And in the first two hours, Twin Peaks: The Return also demonstrates just how comfortable Lynch is returning to the director’s chair after spending so much time creating smaller projects after Inland Empire in 2006. Here, he pivots effortlessly between conflicting tones and sub-genres, as both episodes shift from horror to comedy to police procedural to campy melodrama without skipping a beat.
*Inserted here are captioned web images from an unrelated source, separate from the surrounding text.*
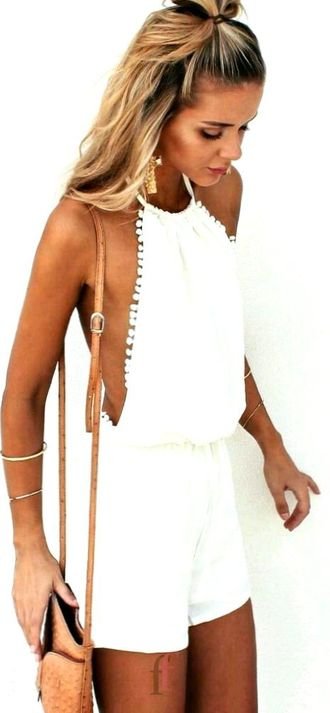 Awesome and pretty outfit idea - ideas , white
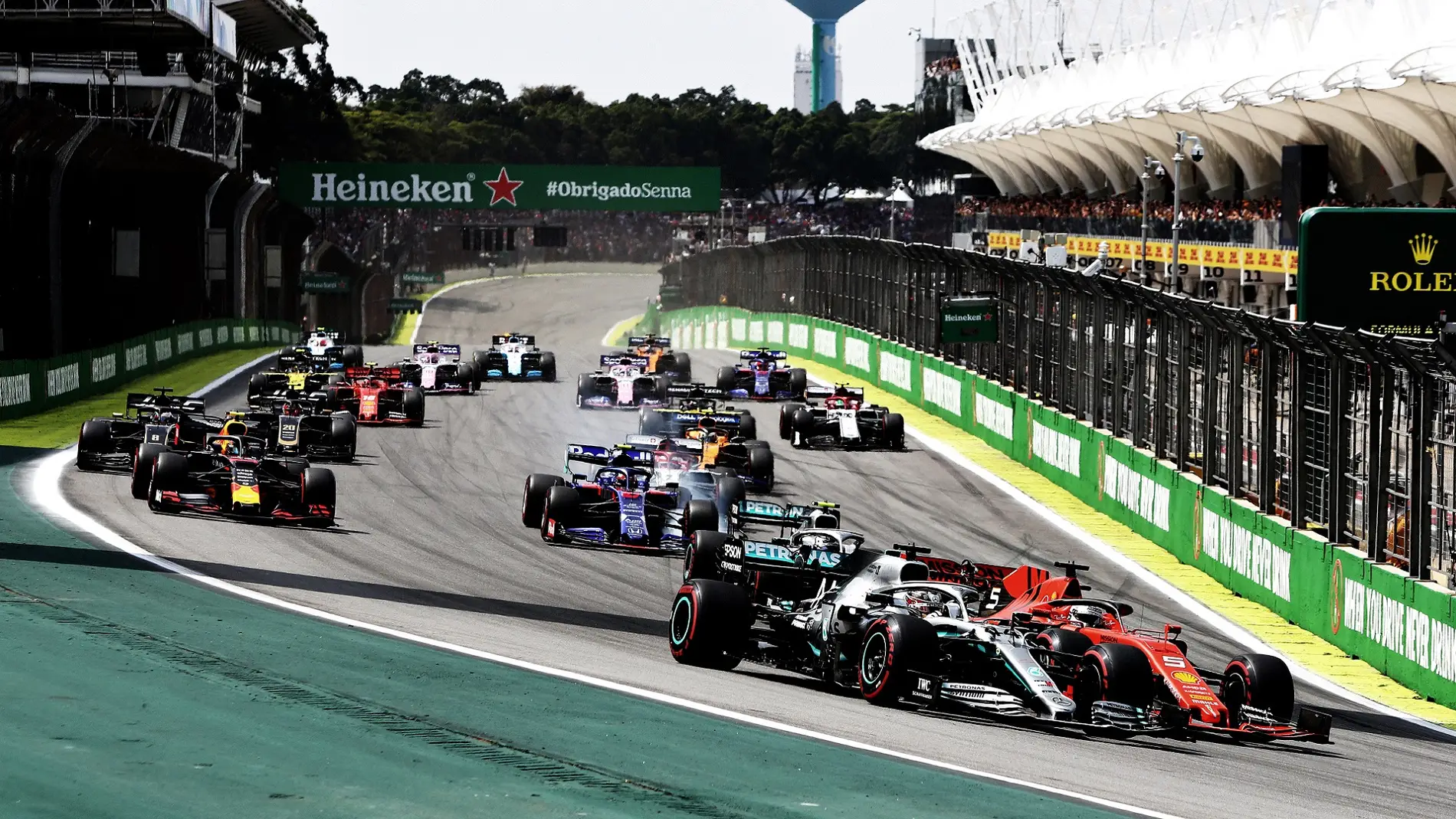 GP de Brasil de F1 2023: horarios, dónde ver en TV y favoritos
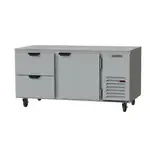 Beverage Air , UCRD67AHC-2, Refrigerator, Undercounter, Reach-In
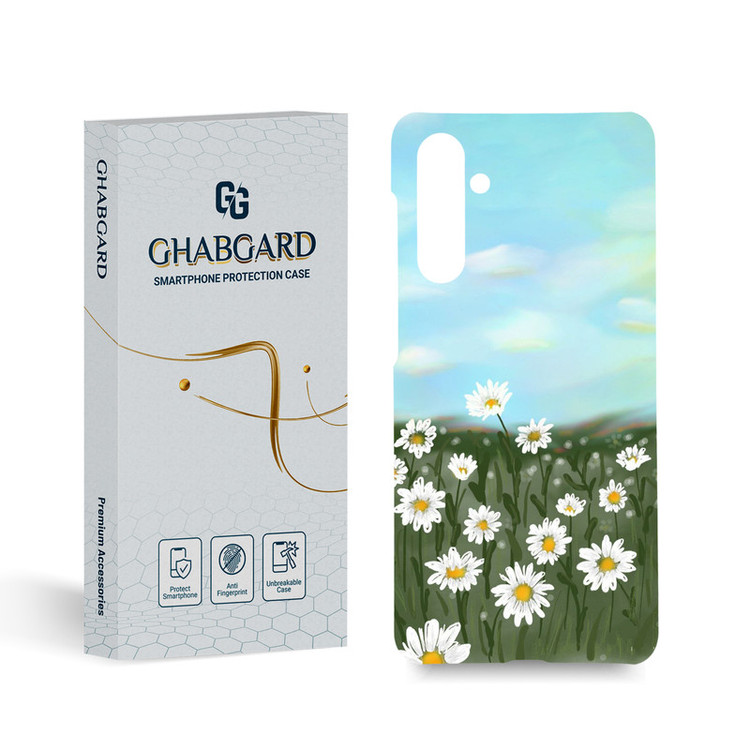کاور قاب گارد مدل گل مناسب برای گوشی موبایل سامسونگ Galaxy M54 5G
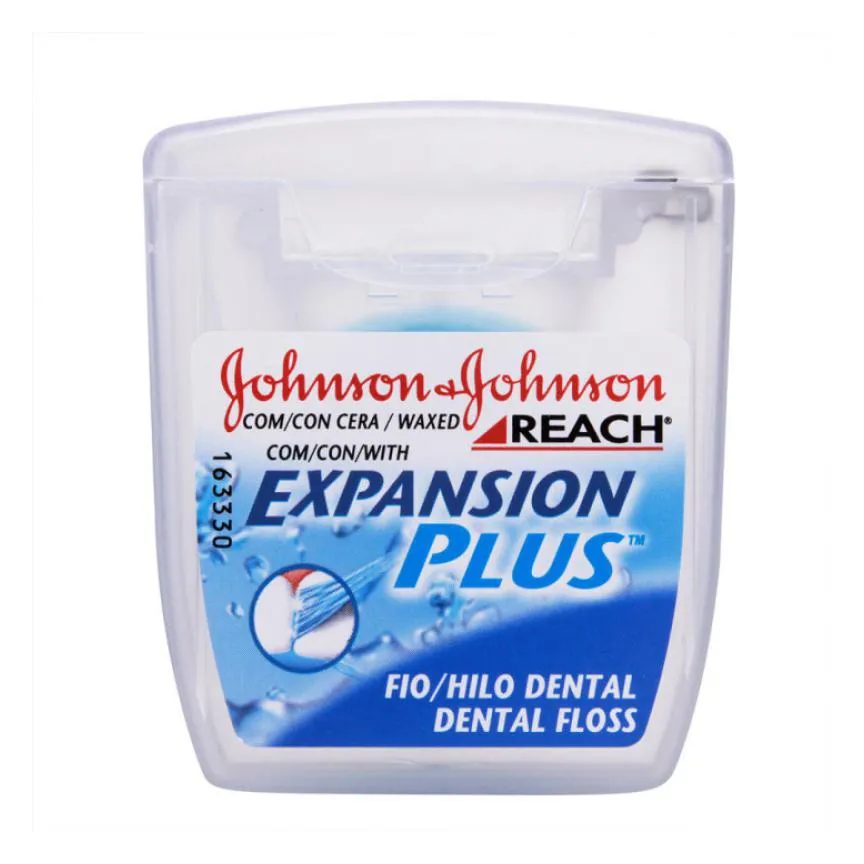 Fio Dental Johnson E Johnson Reach Plus 50 Metros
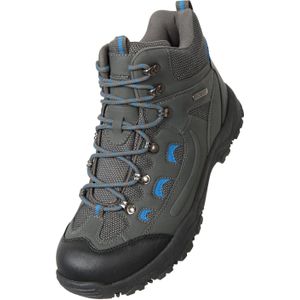 Mountain Warehouse Heren Adventurer Waterdichte Wandelschoenen (40,5 EU) (Grijs)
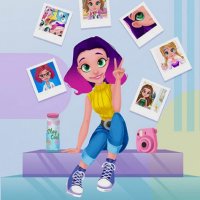 Violet Doll My Virtual Home Online Game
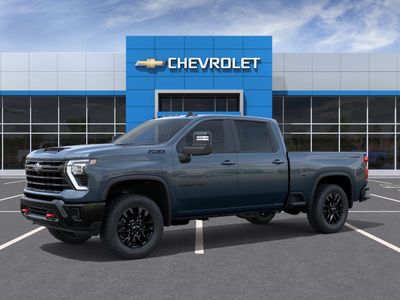 2026 Chevrolet Silverado 2500 HD — side profile view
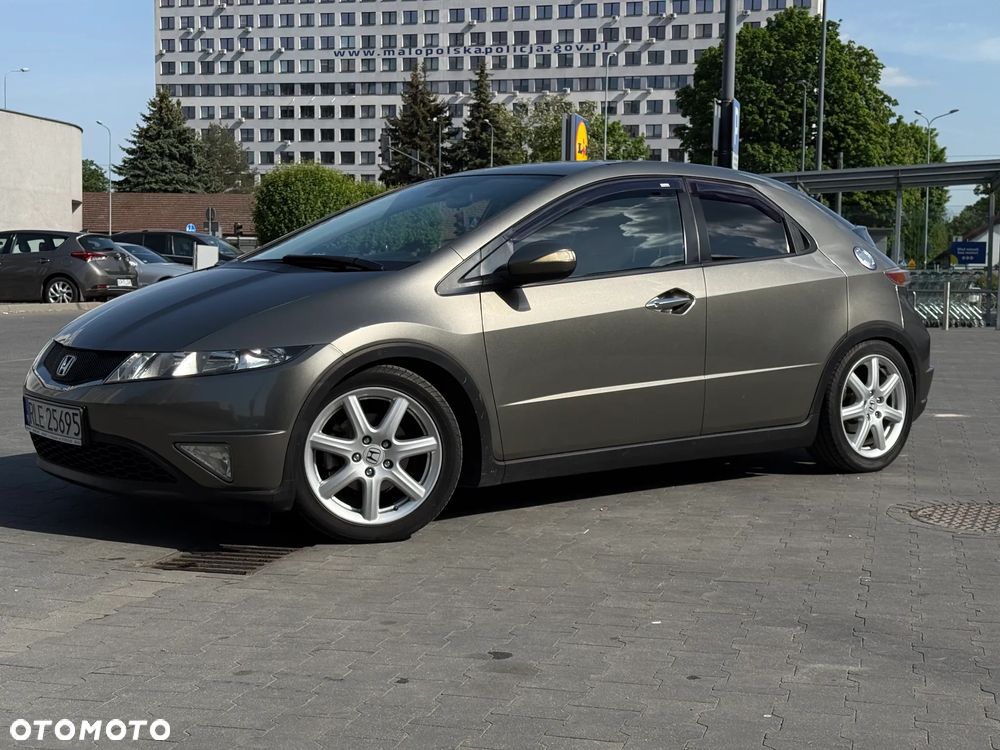 Honda Civic 1.8 Comfort - 2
The early segment where Sam and Tracey are mauled to death by a figure resembling a film negative encased in black smoke could be read as a perfect metaphor for television viewers waiting for Twin Peaks to return without remotely knowing what they’re getting into. A chaste romance suddenly turns passionate before unexpectedly turning horrifically violent. Twin Peaks obsessives have been waiting for the box to come to life with Agent Cooper once again inside, and while we got our wish, we also got everything that comes along with the package deal that is David Lynch’s surrealistic filmmaking.
It’s been so long since Lynch has made a feature film (or worked in television) that all the hype surrounding the return of Twin Peaks may have repressed some memories of just how much his work can test the audience’s patience. That tormenting is sometimes baldly deliberate, like how the season 2 opener featured a protracted exchange between a mortally wounded Cooper and an elderly bellhop, seemingly incapable of grasping the gravity of the situation. The same is true for the first two hours of The Return. The South Dakota sequences felt at times like a Twin Peaks pastiche with pieces of an unproduced pilot episode being stitched together to make this revival possible. The same goes for Sam and Tracey’s fate, as the mysteriousness of Sam’s job and its connection to the Black Lodge and Cooper went on for what seemed like ages.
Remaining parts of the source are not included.